In München sind die Geburtsstationen der Kliniken wegen Personalmangel schon jetzt ständig überlastet. So kommt es regelmäßig vor, dass Kliniken Hochschwangere wegschicken und an andere Geburtsstationen verweisen. Den Hebammen wird über eine Website in Echtzeit angezeigt, wie die Lage in anderen Kliniken ist. Sind sie rot markiert, kann dort keine Frau mehr aufgenommen werden. Manchmal ist dort fast nur rot zu sehen.

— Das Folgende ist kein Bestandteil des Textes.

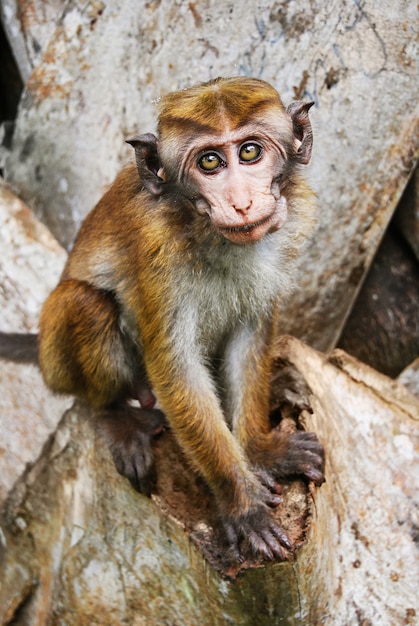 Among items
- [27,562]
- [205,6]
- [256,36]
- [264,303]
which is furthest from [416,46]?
[27,562]

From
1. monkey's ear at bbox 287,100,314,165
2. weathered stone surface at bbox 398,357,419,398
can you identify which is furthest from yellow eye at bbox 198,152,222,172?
weathered stone surface at bbox 398,357,419,398

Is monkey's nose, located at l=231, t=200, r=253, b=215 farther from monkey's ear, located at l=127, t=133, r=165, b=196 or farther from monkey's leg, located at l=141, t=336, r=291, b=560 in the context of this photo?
monkey's leg, located at l=141, t=336, r=291, b=560

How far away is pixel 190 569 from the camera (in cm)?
438

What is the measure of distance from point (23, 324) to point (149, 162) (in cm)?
266

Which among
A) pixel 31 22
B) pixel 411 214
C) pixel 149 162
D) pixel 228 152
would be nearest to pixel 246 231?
pixel 228 152

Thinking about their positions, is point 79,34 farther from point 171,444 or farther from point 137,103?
point 171,444

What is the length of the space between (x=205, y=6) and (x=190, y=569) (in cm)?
393

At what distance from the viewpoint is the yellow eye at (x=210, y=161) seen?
3.77 meters

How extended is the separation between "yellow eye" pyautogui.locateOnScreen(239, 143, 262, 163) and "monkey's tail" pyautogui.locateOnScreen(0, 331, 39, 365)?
2.56 m

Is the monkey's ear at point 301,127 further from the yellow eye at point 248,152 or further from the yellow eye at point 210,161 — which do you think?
the yellow eye at point 210,161

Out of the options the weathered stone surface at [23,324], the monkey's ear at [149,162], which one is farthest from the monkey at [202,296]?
the weathered stone surface at [23,324]

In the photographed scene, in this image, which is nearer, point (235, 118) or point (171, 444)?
point (235, 118)

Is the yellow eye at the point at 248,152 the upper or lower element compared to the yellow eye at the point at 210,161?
upper

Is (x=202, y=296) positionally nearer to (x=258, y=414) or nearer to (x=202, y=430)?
(x=202, y=430) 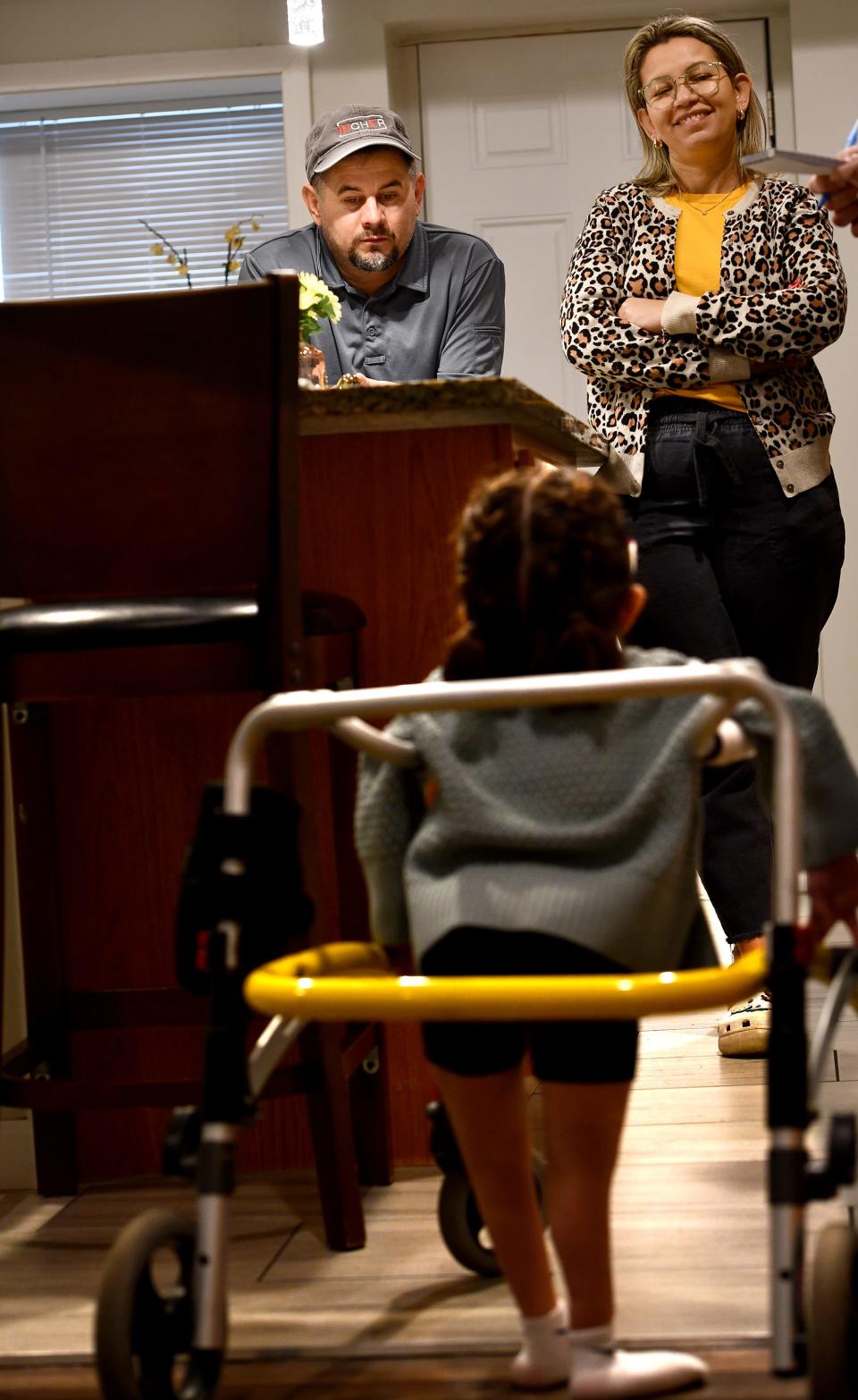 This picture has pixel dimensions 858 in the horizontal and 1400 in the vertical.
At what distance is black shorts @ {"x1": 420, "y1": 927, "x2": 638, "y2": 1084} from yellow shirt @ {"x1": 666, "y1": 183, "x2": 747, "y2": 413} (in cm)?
157

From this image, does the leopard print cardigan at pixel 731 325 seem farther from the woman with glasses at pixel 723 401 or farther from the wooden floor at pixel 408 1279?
the wooden floor at pixel 408 1279

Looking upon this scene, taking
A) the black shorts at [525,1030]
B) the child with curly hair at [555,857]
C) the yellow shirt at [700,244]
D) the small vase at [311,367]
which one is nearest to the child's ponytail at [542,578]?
the child with curly hair at [555,857]

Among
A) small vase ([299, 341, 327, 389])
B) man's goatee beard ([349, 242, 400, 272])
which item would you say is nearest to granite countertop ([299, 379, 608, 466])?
small vase ([299, 341, 327, 389])

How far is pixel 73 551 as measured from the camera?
1.80 m

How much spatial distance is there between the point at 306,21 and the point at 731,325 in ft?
6.05

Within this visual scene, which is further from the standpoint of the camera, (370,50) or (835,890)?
(370,50)

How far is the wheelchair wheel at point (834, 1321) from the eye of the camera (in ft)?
3.67

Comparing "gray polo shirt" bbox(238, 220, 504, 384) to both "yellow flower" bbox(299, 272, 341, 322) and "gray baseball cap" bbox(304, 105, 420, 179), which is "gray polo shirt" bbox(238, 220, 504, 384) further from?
"yellow flower" bbox(299, 272, 341, 322)

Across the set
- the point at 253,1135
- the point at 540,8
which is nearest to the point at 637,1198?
the point at 253,1135

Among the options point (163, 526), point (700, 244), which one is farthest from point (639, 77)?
point (163, 526)

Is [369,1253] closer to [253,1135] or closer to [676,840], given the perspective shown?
[253,1135]

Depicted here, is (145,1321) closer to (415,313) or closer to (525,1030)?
(525,1030)

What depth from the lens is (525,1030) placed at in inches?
54.9

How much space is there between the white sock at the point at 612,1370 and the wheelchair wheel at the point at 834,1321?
23cm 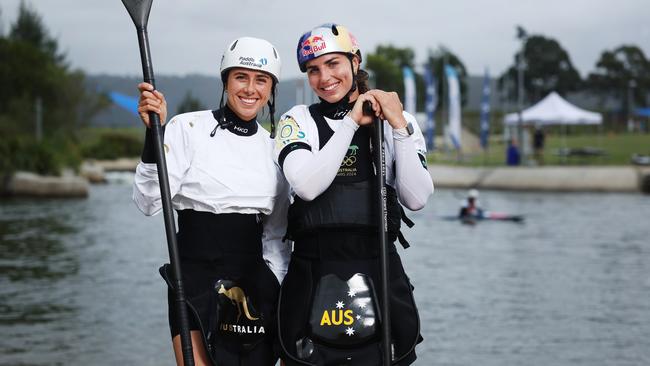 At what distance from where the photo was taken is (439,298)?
A: 15.7m

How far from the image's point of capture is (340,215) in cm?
410

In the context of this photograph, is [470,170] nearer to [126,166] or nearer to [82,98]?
[126,166]

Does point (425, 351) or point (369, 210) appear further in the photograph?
point (425, 351)

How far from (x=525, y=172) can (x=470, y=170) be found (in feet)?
10.8

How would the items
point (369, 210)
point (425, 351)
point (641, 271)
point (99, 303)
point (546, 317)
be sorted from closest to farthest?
1. point (369, 210)
2. point (425, 351)
3. point (546, 317)
4. point (99, 303)
5. point (641, 271)

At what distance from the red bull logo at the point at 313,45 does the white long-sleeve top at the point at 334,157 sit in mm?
229

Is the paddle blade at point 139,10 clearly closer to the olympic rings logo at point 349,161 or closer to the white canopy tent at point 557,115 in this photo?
the olympic rings logo at point 349,161

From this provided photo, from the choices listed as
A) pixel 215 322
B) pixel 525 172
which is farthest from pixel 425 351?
pixel 525 172

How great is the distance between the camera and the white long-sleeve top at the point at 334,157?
400 cm

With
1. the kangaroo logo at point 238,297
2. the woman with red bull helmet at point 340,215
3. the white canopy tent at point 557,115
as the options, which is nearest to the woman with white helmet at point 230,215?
the kangaroo logo at point 238,297

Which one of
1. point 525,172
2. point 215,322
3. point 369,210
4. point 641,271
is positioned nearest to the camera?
point 369,210

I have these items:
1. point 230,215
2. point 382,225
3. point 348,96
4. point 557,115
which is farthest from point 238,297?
point 557,115

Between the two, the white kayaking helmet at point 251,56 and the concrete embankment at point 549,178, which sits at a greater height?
the white kayaking helmet at point 251,56

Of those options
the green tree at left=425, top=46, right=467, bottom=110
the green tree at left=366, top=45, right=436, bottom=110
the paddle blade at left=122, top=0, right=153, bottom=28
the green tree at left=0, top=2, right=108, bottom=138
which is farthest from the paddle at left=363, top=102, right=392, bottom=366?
the green tree at left=425, top=46, right=467, bottom=110
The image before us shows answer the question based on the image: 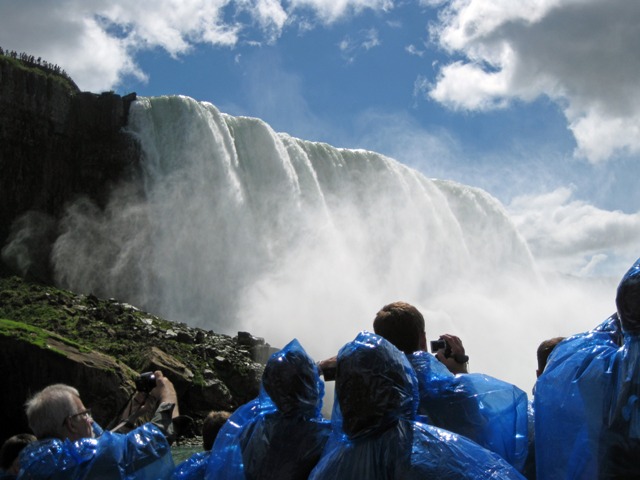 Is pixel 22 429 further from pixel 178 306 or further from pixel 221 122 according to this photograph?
pixel 221 122

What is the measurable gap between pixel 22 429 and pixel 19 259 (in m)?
19.2

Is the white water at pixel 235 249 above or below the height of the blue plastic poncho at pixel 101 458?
above

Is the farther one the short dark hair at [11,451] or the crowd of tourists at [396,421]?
the short dark hair at [11,451]

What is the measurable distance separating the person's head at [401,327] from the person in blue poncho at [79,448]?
4.45ft

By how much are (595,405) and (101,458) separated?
7.72 ft

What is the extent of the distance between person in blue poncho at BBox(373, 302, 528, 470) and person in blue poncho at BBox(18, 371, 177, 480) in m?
1.43

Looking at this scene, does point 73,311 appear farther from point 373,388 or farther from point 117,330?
point 373,388

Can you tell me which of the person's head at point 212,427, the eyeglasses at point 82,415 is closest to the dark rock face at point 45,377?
the person's head at point 212,427

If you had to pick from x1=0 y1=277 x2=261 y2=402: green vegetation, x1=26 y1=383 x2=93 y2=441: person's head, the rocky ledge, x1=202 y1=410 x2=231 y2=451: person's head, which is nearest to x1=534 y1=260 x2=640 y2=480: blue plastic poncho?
x1=202 y1=410 x2=231 y2=451: person's head

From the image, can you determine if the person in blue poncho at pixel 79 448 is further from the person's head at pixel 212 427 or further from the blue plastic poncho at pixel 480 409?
the blue plastic poncho at pixel 480 409

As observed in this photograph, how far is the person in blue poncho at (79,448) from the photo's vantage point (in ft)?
11.3

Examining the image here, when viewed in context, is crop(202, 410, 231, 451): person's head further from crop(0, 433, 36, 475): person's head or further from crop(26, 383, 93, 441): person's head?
crop(0, 433, 36, 475): person's head

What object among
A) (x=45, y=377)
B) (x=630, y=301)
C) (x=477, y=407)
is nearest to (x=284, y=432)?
(x=477, y=407)

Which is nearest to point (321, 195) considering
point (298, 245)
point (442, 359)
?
point (298, 245)
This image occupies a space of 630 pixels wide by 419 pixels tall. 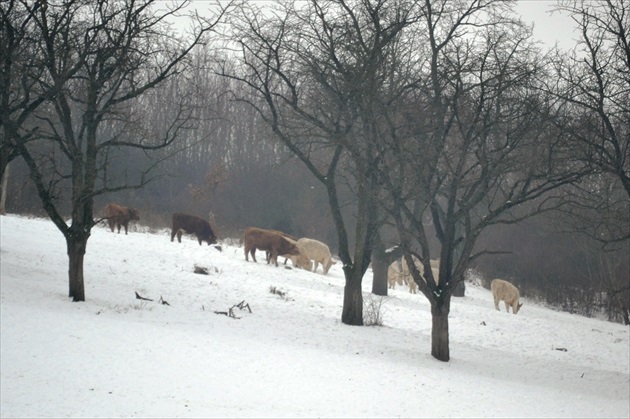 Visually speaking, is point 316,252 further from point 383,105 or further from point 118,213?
point 383,105

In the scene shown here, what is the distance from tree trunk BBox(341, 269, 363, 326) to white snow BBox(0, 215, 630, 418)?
13.0 inches

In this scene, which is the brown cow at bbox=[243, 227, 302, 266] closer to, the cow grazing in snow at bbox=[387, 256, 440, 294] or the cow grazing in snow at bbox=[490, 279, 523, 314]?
the cow grazing in snow at bbox=[387, 256, 440, 294]

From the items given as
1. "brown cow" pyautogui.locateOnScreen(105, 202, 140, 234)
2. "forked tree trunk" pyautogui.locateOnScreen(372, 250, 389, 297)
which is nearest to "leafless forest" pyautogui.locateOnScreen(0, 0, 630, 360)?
"forked tree trunk" pyautogui.locateOnScreen(372, 250, 389, 297)

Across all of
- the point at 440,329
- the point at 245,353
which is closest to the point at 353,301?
the point at 440,329

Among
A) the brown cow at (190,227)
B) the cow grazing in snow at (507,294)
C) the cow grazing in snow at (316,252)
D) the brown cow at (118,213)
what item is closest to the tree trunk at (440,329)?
the cow grazing in snow at (507,294)


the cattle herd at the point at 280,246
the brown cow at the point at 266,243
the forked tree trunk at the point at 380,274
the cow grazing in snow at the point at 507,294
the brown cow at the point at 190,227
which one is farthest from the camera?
the brown cow at the point at 190,227

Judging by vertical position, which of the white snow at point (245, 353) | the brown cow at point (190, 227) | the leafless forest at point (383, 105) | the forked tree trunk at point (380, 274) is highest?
the leafless forest at point (383, 105)

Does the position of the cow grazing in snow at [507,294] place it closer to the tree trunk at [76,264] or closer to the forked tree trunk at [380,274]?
the forked tree trunk at [380,274]

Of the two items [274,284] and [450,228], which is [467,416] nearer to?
[450,228]

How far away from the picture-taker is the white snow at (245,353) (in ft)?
28.9

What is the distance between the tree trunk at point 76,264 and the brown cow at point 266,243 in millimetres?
11589

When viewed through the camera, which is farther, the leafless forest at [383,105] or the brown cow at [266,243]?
the brown cow at [266,243]

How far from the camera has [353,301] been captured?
52.4ft

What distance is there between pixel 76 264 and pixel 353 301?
6.39 m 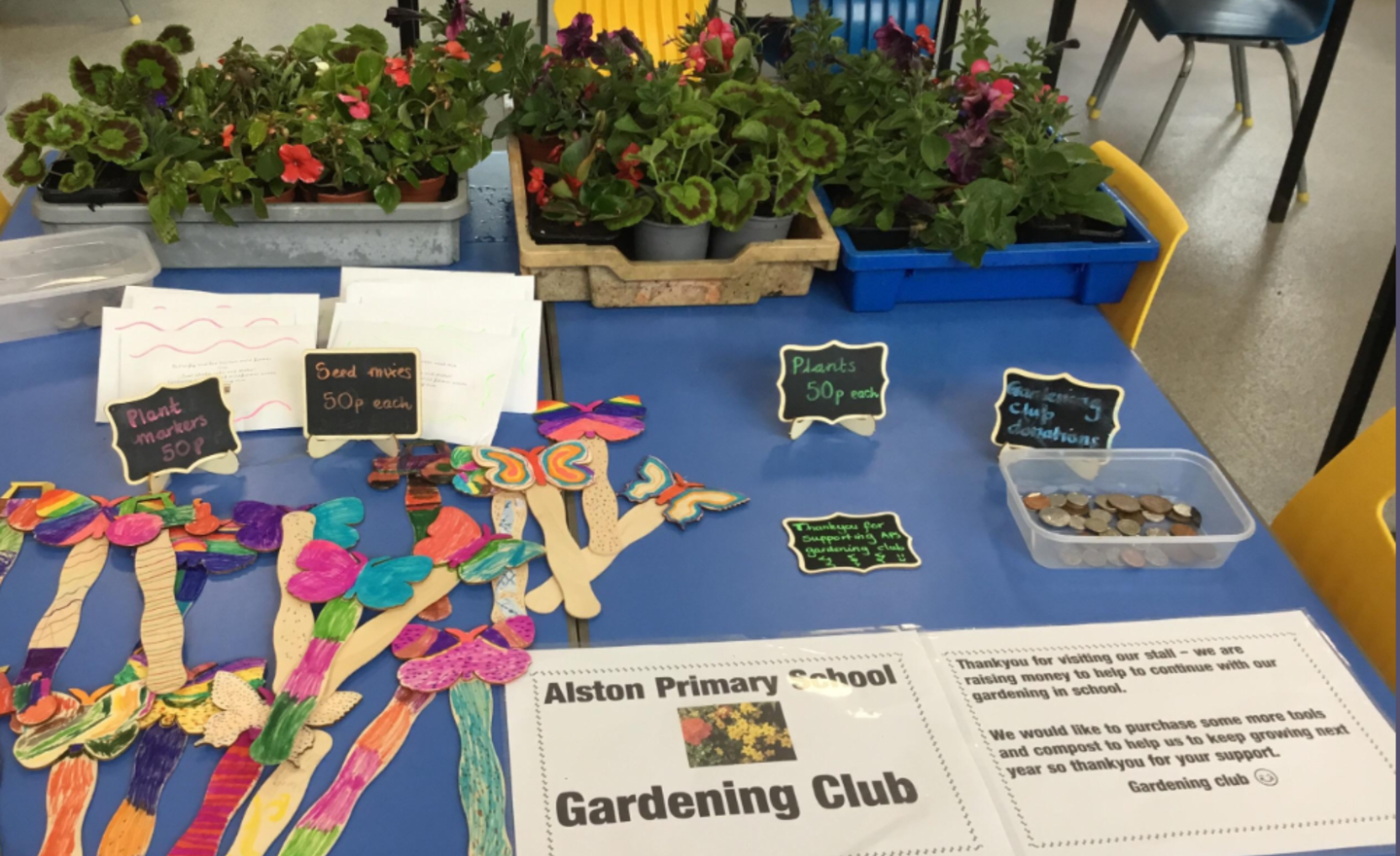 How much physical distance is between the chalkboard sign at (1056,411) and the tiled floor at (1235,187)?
1.39 metres

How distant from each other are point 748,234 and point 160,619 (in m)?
0.93

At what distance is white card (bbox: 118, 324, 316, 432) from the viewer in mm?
1324

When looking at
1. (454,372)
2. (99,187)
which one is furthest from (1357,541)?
(99,187)

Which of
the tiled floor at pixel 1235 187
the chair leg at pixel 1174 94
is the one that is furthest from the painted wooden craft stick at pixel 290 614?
the chair leg at pixel 1174 94

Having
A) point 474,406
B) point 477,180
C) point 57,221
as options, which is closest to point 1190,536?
point 474,406

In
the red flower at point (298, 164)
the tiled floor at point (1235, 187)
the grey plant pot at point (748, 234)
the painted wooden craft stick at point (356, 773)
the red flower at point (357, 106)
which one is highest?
the red flower at point (357, 106)

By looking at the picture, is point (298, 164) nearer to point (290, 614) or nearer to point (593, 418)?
point (593, 418)

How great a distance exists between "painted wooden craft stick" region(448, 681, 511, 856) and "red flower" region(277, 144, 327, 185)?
0.84 meters

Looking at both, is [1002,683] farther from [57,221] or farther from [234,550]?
[57,221]

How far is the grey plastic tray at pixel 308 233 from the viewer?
154cm

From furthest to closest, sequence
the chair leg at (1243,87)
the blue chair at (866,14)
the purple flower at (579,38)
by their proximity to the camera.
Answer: the chair leg at (1243,87), the blue chair at (866,14), the purple flower at (579,38)

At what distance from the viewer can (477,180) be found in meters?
1.93

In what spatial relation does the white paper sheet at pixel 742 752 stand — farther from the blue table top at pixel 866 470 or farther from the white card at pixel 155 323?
the white card at pixel 155 323

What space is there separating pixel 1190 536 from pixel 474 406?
869 millimetres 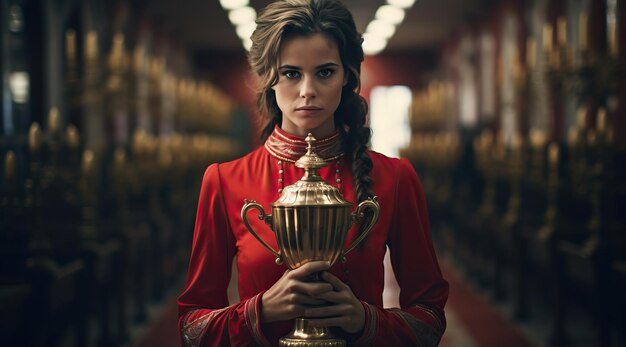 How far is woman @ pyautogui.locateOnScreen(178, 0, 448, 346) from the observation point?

Obwohl die Situation der Geburtshilfe in München schon jetzt angespannt ist, wird sie sich ab 2018 vermutlich deutlich zuspitzen, denn ab dem Zeitpunkt dürfen Beleghebammen nur noch maximal zwei Frauen gleichzeitig versorgen. Bei einer dritten Patientin muss innerhalb von einer Stunde eine weitere Hebamme per Rufdienst hinzugezogen werden. Gelingt dies nicht, darf die Hebamme die dritte Frau zwar betreuen, eine Bezahlung kann sie jedoch nicht verlangen. Hiervon betroffen sind ausschließlich Beleghebammen, also Freiberuflerinnen, die in Kliniken arbeiten, ihre Leistungen aber direkt mit den Krankenkassen abrechnen. Dagegen können festangestellte Hebammen auch weiterhin so viele Frauen gleichzeitig betreuen, wie sie es sich zumuten. Insofern wird dann eine Betreuung im am Kreißsaal davon abhängig sein, ob die gerade diensthabende Hebamme Freiberuflerin oder Angestellte ist.
Gerade im teuren München lassen sich nur wenige Hebammen für einen Bruttolohn von 2700 Euro fest anstellen. Das einträglichere Belegsystem ist für die Hebammen reizvoller. Zuletzt stieg die Zahl der von Beleghebammen begleiteten Geburten in München laut DHV von 29,5 Prozent im Jahr 2014 auf zuletzt 47,8 Prozent im Jahr 2016. Im deutschlandweiten Vergleich verantworten Beleghebammen dagegen nur 20 Prozent der Geburtshilfe.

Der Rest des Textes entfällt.